▸ Data provided
= = = = = = =

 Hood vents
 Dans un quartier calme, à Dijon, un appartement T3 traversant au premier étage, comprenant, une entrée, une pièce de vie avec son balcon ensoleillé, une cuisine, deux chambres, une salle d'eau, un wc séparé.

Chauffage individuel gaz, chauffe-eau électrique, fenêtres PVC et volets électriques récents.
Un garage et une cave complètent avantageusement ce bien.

= = = = = = =

▸ Task to complete
For this exercise, all the data must be repeated exactly.

▸ Response box
 Hood vents
 Dans un quartier calme, à Dijon, un appartement T3 traversant au premier étage, comprenant, une entrée, une pièce de vie avec son balcon ensoleillé, une cuisine, deux chambres, une salle d'eau, un wc séparé.

Chauffage individuel gaz, chauffe-eau électrique, fenêtres PVC et volets électriques récents.
Un garage et une cave complètent avantageusement ce bien.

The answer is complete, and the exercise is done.